|
|
DescriptionImplementing Color32 functions for Neon platforms.
Besides the raw processing improvement provided by Neon, the code uses memory
preteches (pld) which seem to improve performance greatly when dealing with
very large counts.
This was tested using bench where color32 accounts for the majority of the
workload:
bench -match rects_1 -config 8888 -repeat 500 -forceBlend 1
(the forceBlend is there so that the Color32 code does not go through the
special cases where alpha == 0xFF as it would transform color32 into
a sk_memset32.
Numbers averaged over 3 runs:
bench name | Before | Neon, no pld | Neon with pld | full boost
rrects_1 | 153.9 | 128.3 | 92 | 1.66x
rects_1_stroke_4| 32.8 | 31.4 | 28.45 | 1.15x
rects_1 | 125.35 | 97.2 | 63.59 | 1.97x
Credits: various googletv team members.
Patch Set 1 #
Total comments: 9
Patch Set 2 : small modifications based on comments, small code cleanup, still some issues unresolved #Patch Set 3 : '' #Patch Set 4 : '' #MessagesTotal messages: 15
How did you find measured speedup? I ran the full Skia benchmark suite on a nexus_s with and without your changes, and see very few improvements. We need to understand where you think this will help us in order to accept it. Do we need new benchmarks? http://codereview.appspot.com/5569077/diff/1/src/opts/SkBlitRow_opts_arm.cpp File src/opts/SkBlitRow_opts_arm.cpp (right): http://codereview.appspot.com/5569077/diff/1/src/opts/SkBlitRow_opts_arm.cpp#... src/opts/SkBlitRow_opts_arm.cpp:19: #define CACHE_LINE_SIZE 32 Is your intent that compilers would redefine this on other targets? Would that make an #ifndef guard reasonable? The web suggests that there are 64B neon cache line architectures, although I don't know if we're compiling Skia on any of them yet. http://codereview.appspot.com/5569077/diff/1/src/opts/SkBlitRow_opts_arm.cpp#... src/opts/SkBlitRow_opts_arm.cpp:24: # define PLD128(x, n) PLD64(x, n) PLD64(x, (n) + 64) Style nit: in Skia, spaces go before the #, not after. http://codereview.appspot.com/5569077/diff/1/src/opts/SkBlitRow_opts_arm.cpp#... src/opts/SkBlitRow_opts_arm.cpp:1293: asm volatile ( Only indenting the subsequent 4 instead of 14 would make the line length limit a little less stringent http://codereview.appspot.com/5569077/diff/1/src/opts/SkBlitRow_opts_arm.cpp#... src/opts/SkBlitRow_opts_arm.cpp:1357: // left to process. Very nice explanatory comment; thanks!

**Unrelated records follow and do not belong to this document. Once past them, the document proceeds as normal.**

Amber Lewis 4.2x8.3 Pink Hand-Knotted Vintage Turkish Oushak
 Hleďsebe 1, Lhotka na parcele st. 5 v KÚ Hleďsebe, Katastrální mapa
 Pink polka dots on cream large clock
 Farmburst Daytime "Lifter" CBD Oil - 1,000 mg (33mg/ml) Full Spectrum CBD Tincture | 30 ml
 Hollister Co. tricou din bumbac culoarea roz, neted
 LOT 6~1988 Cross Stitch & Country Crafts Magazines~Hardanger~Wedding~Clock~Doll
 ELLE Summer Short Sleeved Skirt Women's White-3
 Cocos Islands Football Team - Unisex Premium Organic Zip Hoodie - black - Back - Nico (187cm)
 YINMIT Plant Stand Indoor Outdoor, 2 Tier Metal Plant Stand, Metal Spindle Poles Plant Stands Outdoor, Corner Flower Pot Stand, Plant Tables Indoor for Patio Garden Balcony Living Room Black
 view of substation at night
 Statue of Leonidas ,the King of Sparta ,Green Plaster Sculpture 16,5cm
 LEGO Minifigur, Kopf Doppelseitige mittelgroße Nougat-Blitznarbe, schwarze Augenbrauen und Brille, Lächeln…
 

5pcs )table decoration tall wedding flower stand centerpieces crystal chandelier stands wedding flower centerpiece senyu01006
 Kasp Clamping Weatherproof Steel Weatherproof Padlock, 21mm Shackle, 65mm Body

Sign in to reply to this message.
On 2012/02/07 16:31:53, TomH wrote: > How did you find measured speedup? I ran the full Skia benchmark suite on a > nexus_s with and without your changes, and see very few improvements. > > We need to understand where you think this will help us in order to accept it. > Do we need new benchmarks? > I am sorry. This function does not show up on many benchmarks covered by skia bench. To be more precise, if I remember correctly, when it does, it does show up with a very small percentage, meaning that it proved impossible for me to benchmark this very part of the code using skia_bench. Instead, I have created a rudimentary piece of code that tests that function, and only that function, allowing me to get results. This function though shows up in many real life scenarios at large percentages, I have just found the exact combination of command line options that will make this appear as sizeable using skia_bench. I suspect we should work on improving skia_bench in this regard, or maybe somebody more knowledgeable on the option behavior will be able to find a command line that allows this method to be at anything but a few percents. If you do not have a suggestion for a command line, I can probably find a way to integrate this into skia_bench. Let me know if you have any suggestions. > http://codereview.appspot.com/5569077/diff/1/src/opts/SkBlitRow_opts_arm.cpp > File src/opts/SkBlitRow_opts_arm.cpp (right): > > http://codereview.appspot.com/5569077/diff/1/src/opts/SkBlitRow_opts_arm.cpp#... > src/opts/SkBlitRow_opts_arm.cpp:19: #define CACHE_LINE_SIZE 32 > Is your intent that compilers would redefine this on other targets? Would that > make an #ifndef guard reasonable? > > The web suggests that there are 64B neon cache line architectures, although I > don't know if we're compiling Skia on any of them yet. > > http://codereview.appspot.com/5569077/diff/1/src/opts/SkBlitRow_opts_arm.cpp#... > src/opts/SkBlitRow_opts_arm.cpp:24: # define PLD128(x, n) PLD64(x, n) > PLD64(x, (n) + 64) > Style nit: in Skia, spaces go before the #, not after. > > http://codereview.appspot.com/5569077/diff/1/src/opts/SkBlitRow_opts_arm.cpp#... > src/opts/SkBlitRow_opts_arm.cpp:1293: asm volatile ( > Only indenting the subsequent 4 instead of 14 would make the line length limit a > little less stringent > > http://codereview.appspot.com/5569077/diff/1/src/opts/SkBlitRow_opts_arm.cpp#... > src/opts/SkBlitRow_opts_arm.cpp:1357: // left to process. > Very nice explanatory comment; thanks!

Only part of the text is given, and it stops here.